Senator Hickman, Representative Supica, and the distinguished members of the Committee on Veterans and Legal Affairs, my name is Nick Murray and I serve as director of policy for Maine Policy Institute. We are a free market think tank, a nonpartisan, non-profit organization that advocates for individual liberty and economic freedom in Maine. Thank you for the opportunity to testify in support of LD 1038.

Ranked-Choice Voting is a fad, and a costly failure, both in practice, and in the abstract. Political scientists have studied it and found that greater ballot complexity drives “the negative effect of RCV…[which] increases as elections become less competitive, and that it increases with the number of candidates.”

Voters should understand that, under RCV, their votes may not count.

As Hazel Dukes, president of the New York State chapter of the National Association for the Advancement of Colored People to The New York Post in 2021, “Ranked choice voting is not beneficial to minorities. It’s voter suppression.”

Think of it this way: less than one percent of mailed ballots are rejected in the average U.S. election, but a 2019 Maine Policy Institute analysis of nearly 100 RCV races found that, on average, “exhausted ballots” made up more than 10-times that amount. For those not familiar with the term, exhausted ballots occur when a voter does not rank one of the two final-round candidates, and their ballot is removed from the final tally.

A report by Princeton professor Nolan McCarty submitted to the U.S. District Court in Maine found that, in 15 of 98 races studied, more than 20 percent of ballots were exhausted. McCarty also found higher rates of exhausted ballots among electorates with more elderly and non-college-educated voters.
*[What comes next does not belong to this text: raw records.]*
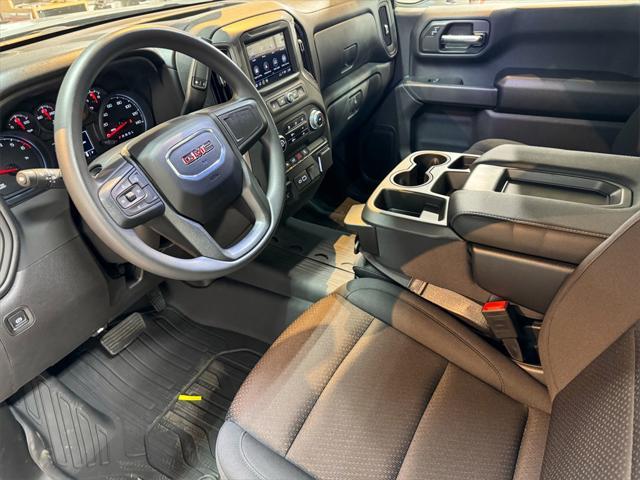 new 2024 GMC Sierra 1500 car, priced at $47,020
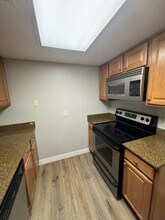 101 S Players Club Dr in Tucson, AZ - Building Photo - Building Photo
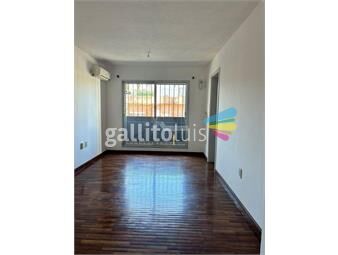 https://www.gallito.com.uy/alquiler-apartamento-1-dormitorio-al-frente-tres-cruces-mon-inmuebles-26059495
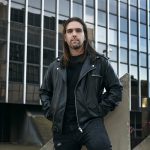 Marco D’Lacerda lança single da carreira solo, “Mundo Canalha”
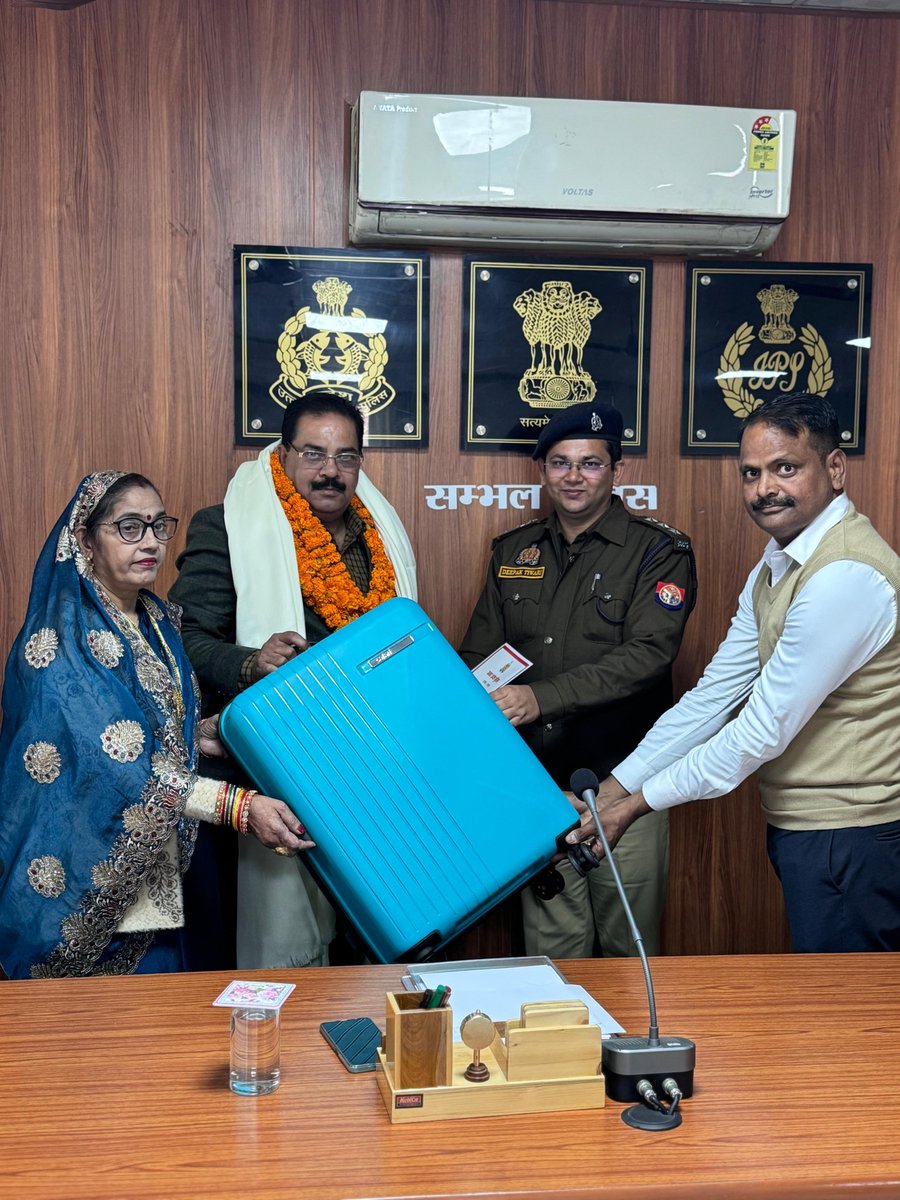 sambhalpolice's tweet image. #CO यातायात श्री दीपक तिवारी द्वारा पुलिस लाईन बहजोई में अधिवर्षता आयु पूर्ण करने पर सेवानिवृत्त हुए उ0नि0 श्री अरूण कुमार अवस्थी मानवाधिकार प्रकोष्ठ जनपद सम्भल को उपहार व प्रशस्ति पत्र भेट किया तथा शॉल व फूलमाला पहनाकर उनके उत्तम स्वास्थ्य की शुभकामाएं देकर भावभीनी विदाई दी गयी।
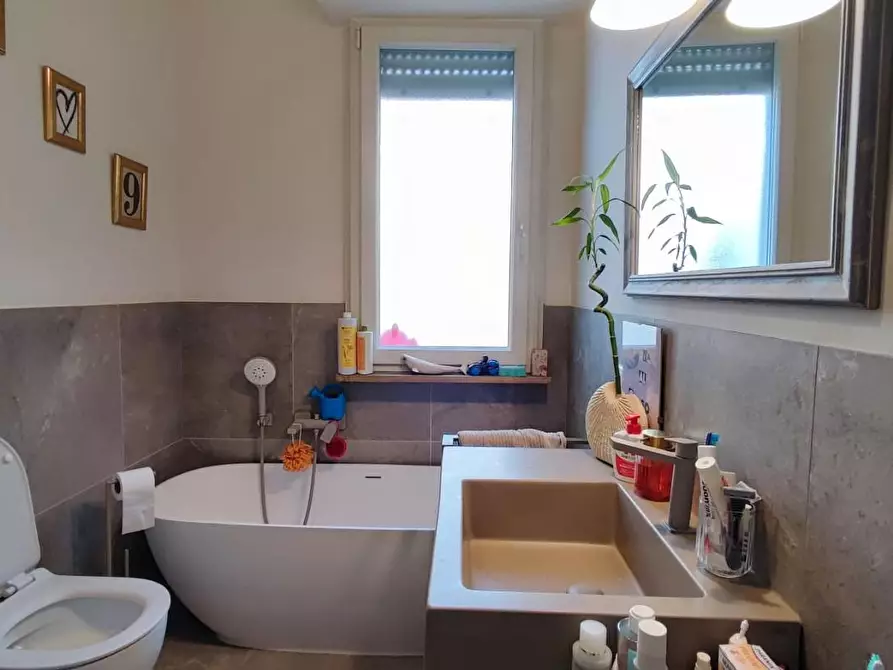 Immagine 17 di Villa in vendita  a Viareggio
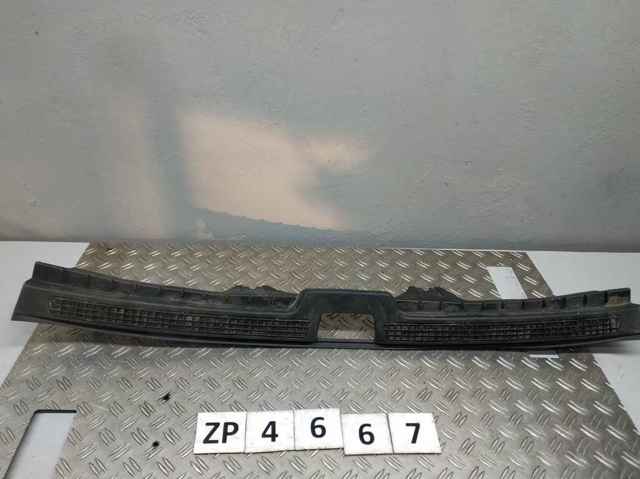 Накладка бампера заднього, верхня захисна 32239215 VOLVO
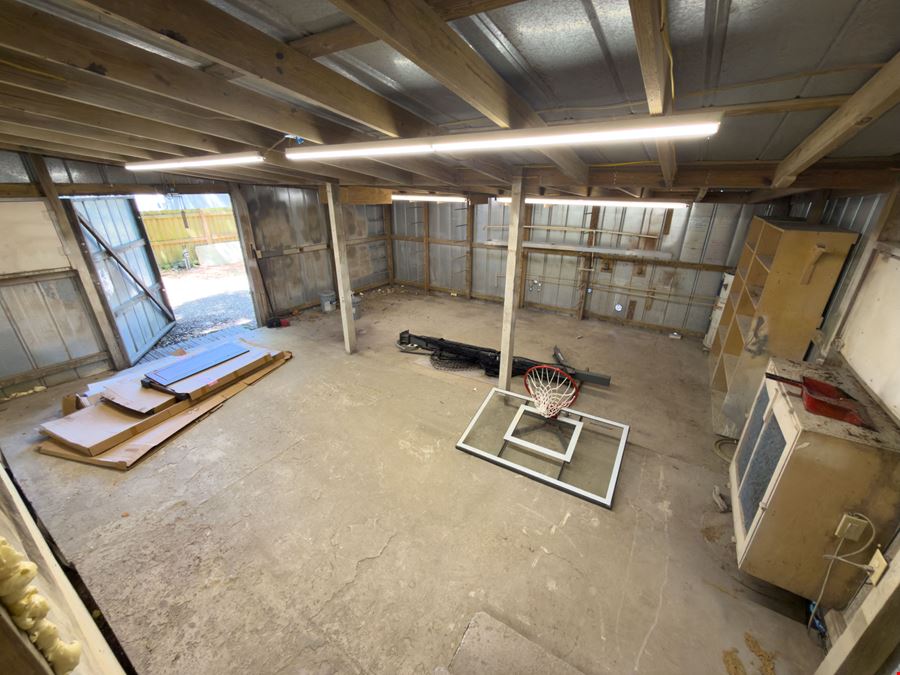 HC/LI Zoned Warehouse Near Downtown Pensacola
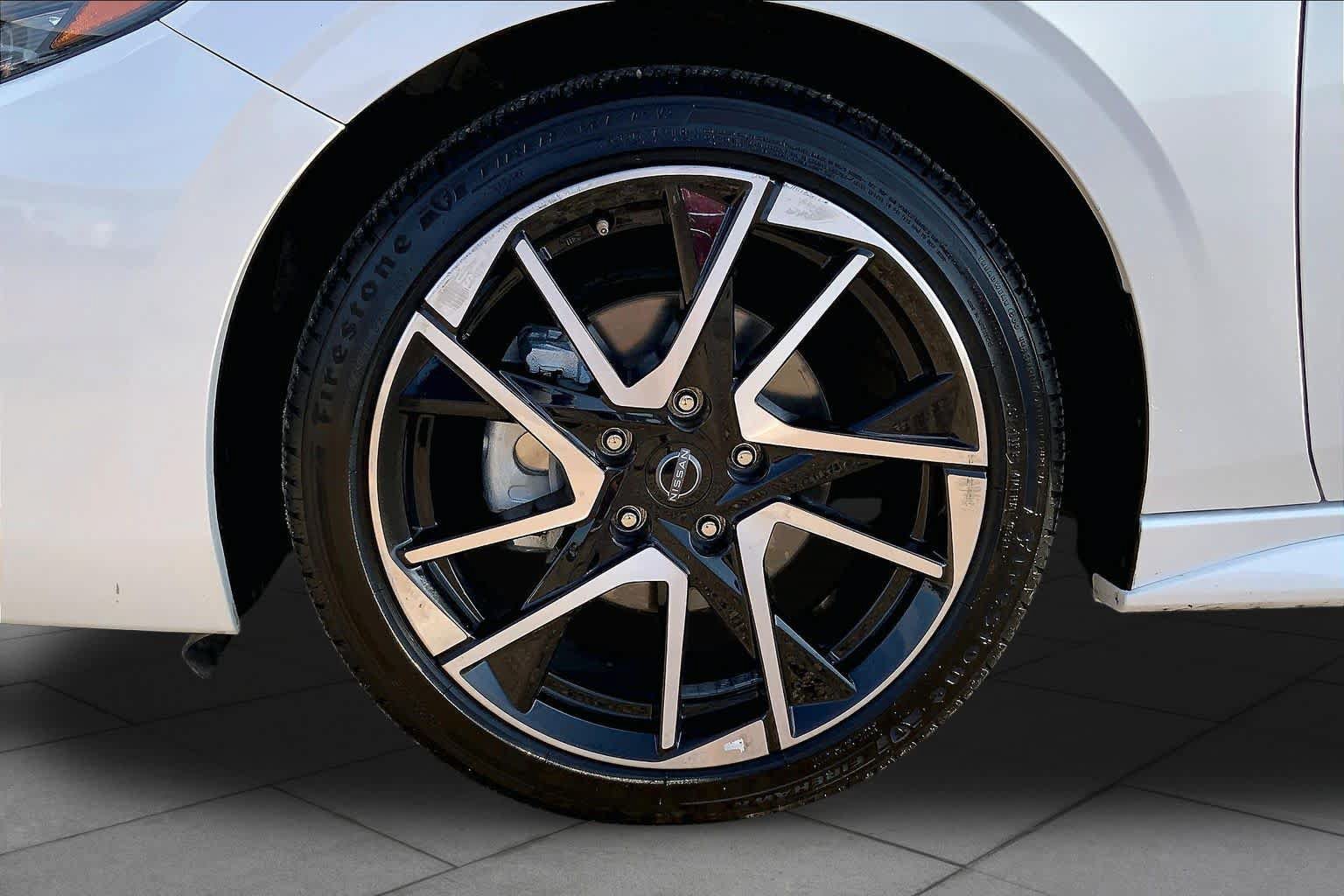 Used 2025 Nissan Sentra SR w/ SR Premium Package FWD image 11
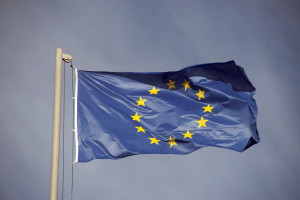 UE: wiele krajów kwestionuje wyższość prawa unijnego nad krajowym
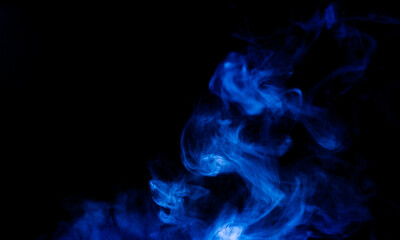 Fototapeta premium Abstract Blue Smoke Cloud on Black Background with Glowing Vapor Effect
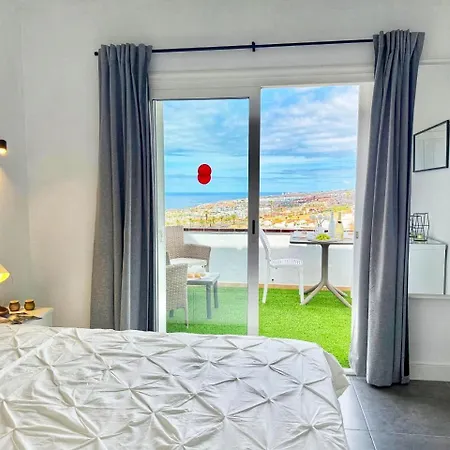 Stunning View Apartment In Colina Blanca アパート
In other words, these voters cast legible ballots, but were ultimately excluded when determining the “majority winner.” How can a system be branded as more democratic when it relies on removing ballots from the final count to arrive at its false majority?

Often because of high rates of exhausted ballots, more than six-in-ten RCV winners do not earn a majority of votes cast. Some say this can be solved through voter education, but McCarty saw higher rates of exhausted ballots even among electorates with more experience with RCV elections.

Under RCV, not only must voters understand the issues and candidates on their ballots, but they must strategically plot their choices to maximize their effect on the outcome. By declining to rank every candidate or choosing to vote for less-widely popular third-party candidates, their votes are unwillingly diluted.

In this way, RCV has its own “spoiler effect,” similar to the way in which today’s third-party voters must succumb when asked to choose one of the two major party candidates to avoid “throwing away a vote.” It is certainly no better in this regard.

One thing is certain: RCV is inherently more complex and confusing to voters than the status quo, which is reflected in the level of exhausted ballots and disaffected voting blocs.

Voting systems should meet some basic criteria: casting a ballot is as easy as possible, and that every voter is assured that his or her vote will count equally toward the result. Unfortunately, RCV fails even these simple tests.

Please deem LD 1038 “Ought To Pass” and restore Maine’s elections to a clear standard of binary ballots and plurality vote counting instead of relying on opaque and unaccountable RCV tabulation. Thank you for your time and consideration.